▶ [Goal of the exercise]: In your copy, leave out the pictures and reproduce the listing below exactly.

▶ [Raw data]:
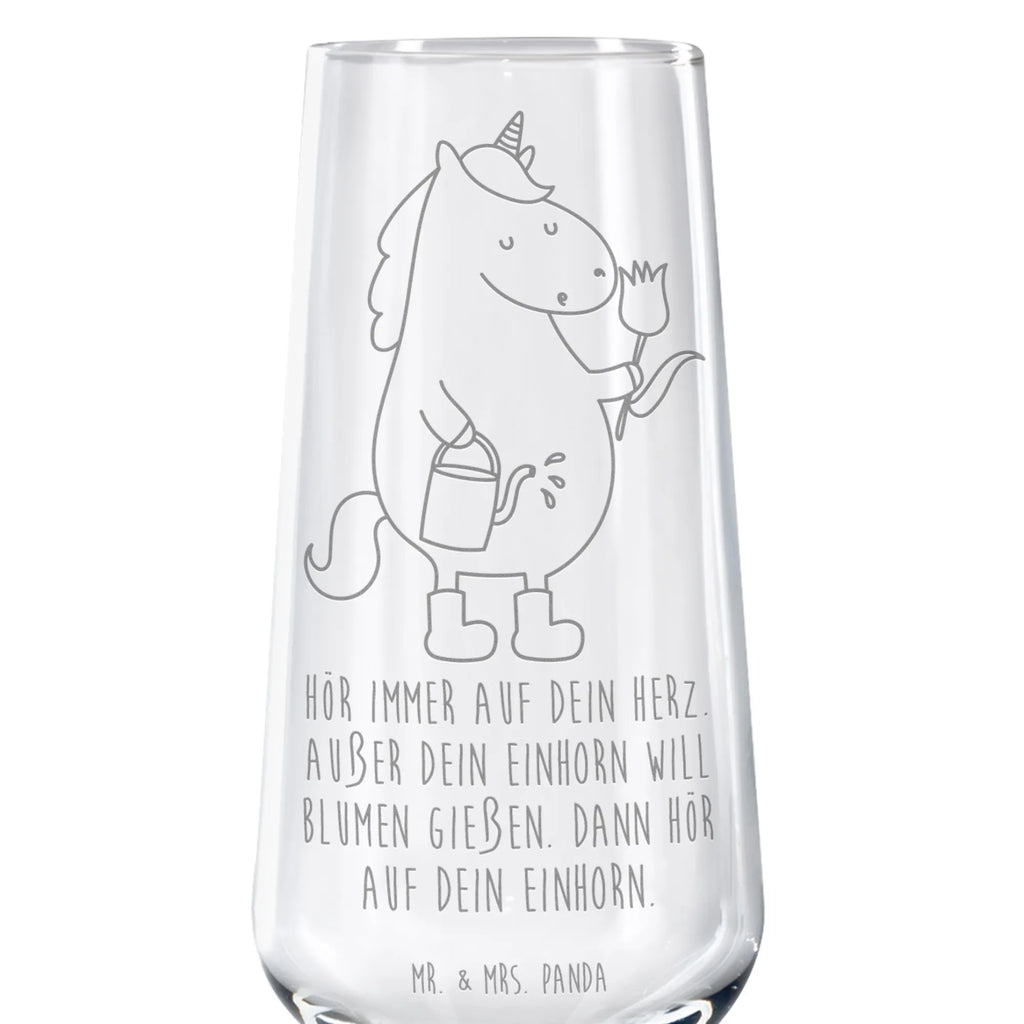 Sektglas Einhorn Gärtner Sektglas, Sektglas mit Gravur, Spülmaschinenfeste Sektgläser, Einhorn, Einhörner, Einhorn Deko, Pegasus, Unicorn, Luftballon, Gießkanne, Giesskanne, Lebenslust, Freude, Blume, Freundin, Garten, Stiefel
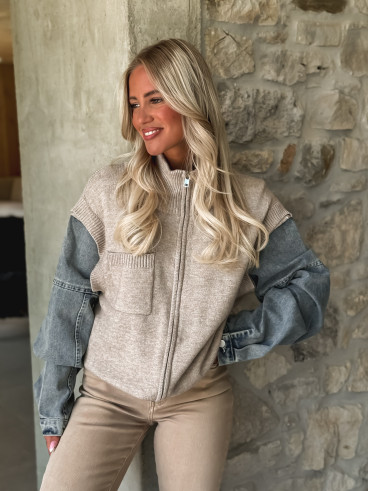 Ciao M387014 taupe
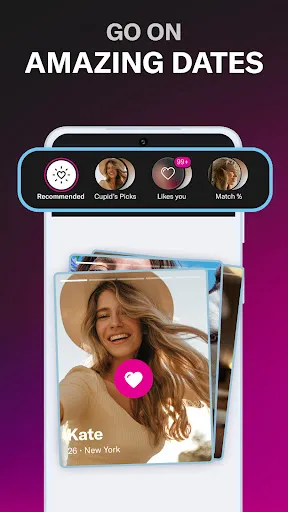 Скриншот 5 — OkCupid Dating: Date Singles
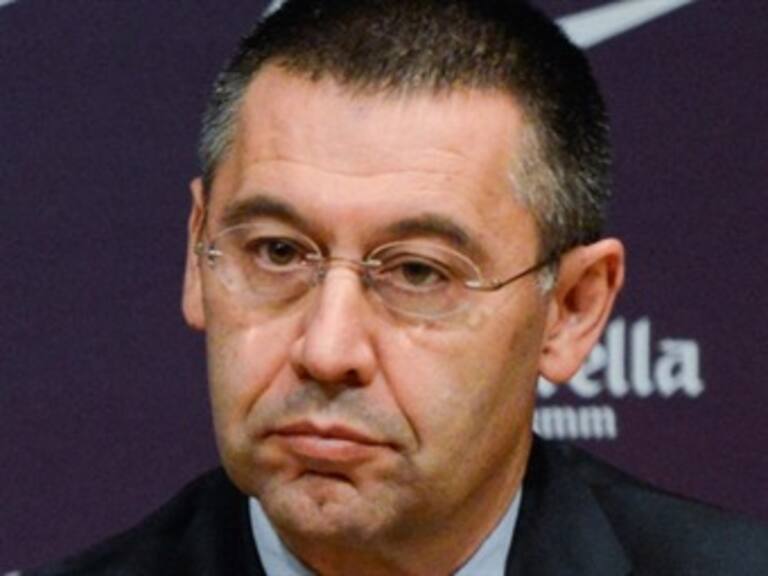 'Atacan un modelo de 35 años; La Masía no se toca': Bartomeu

▶ [Solution]:
 Sektglas Einhorn Gärtner Sektglas, Sektglas mit Gravur, Spülmaschinenfeste Sektgläser, Einhorn, Einhörner, Einhorn Deko, Pegasus, Unicorn, Luftballon, Gießkanne, Giesskanne, Lebenslust, Freude, Blume, Freundin, Garten, Stiefel
 Ciao M387014 taupe
 Скриншот 5 — OkCupid Dating: Date Singles
 'Atacan un modelo de 35 años; La Masía no se toca': Bartomeu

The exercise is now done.